Investors told Alix Partners there was a 73 per cent chance portfolio company CEOs would be replaced during the investment life cycle, with 58 per cent being sacked within two years.
Market conditions, it seems, “are forcing private equity (PE) firms to hold investments longer than ever”, and as a result, executives have been searching for new ways to drive growth. This often means taking the company into a different direction – and unfortunately a belief that portfolio company CEOs aren’t up for the challenge runs rampant in the PE community.
“This response highlights the importance of accurately assessing a CEO’s suitability and fit for the future role,” the research maintained. “For example, does the CEO have the capabilities, motivation, and knowledge needed to implement the new strategy? And can those qualities be developed within a reasonable time frame?”
Many feel the answer to both questions is no, citing a failure to deliver results and appease expectations as a primary reason for replacing the head honcho. It echoes findings that, for 78 per cent of investors, the pace of change is the most disputed issue, followed by performance targets.
With these thoughts in mind, PE companies unveiled CEO experience in the PE landscape helped foster a better relationship as they were perceived to be better adapters. That didn’t mean, however, that PE knowledge was the only thing they looked for. Experience in general, no matter the sector, was key. In fact, they prioritised it above short-term PE experience.
PE executives also tend to take into account success records, with 55 per cent looking up whether the candidate in question had faced similar strategic challenges – and pulled through.
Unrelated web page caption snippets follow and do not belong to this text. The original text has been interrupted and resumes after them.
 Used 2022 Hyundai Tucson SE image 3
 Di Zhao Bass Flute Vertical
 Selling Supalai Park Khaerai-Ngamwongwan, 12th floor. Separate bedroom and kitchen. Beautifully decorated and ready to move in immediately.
The reason why it often took “so long” to gauge the fit of the CEO – that two year marker – was because, according to investors, it’s often hard to measure soft skills, with some qualities being harder to monitor than others. For example, 35 per cent found it difficult to measure leadership skills, with 50 per cent claiming a fit with the company’s culture was hardest to gauge.
Either way, investors wanted to have a lot more conversations. Only three per cent were satisfied with the consistency of their meetings – and perhaps tackling the issue of communication will solve the high turnover rate.
As Alix Partners exclaimed: “There are key areas of chronic misalignment between CEOs and investors. So to drive down disruptive turnover and bolster portfolio company performance, the topic of alignment should be on every investor’s agenda.”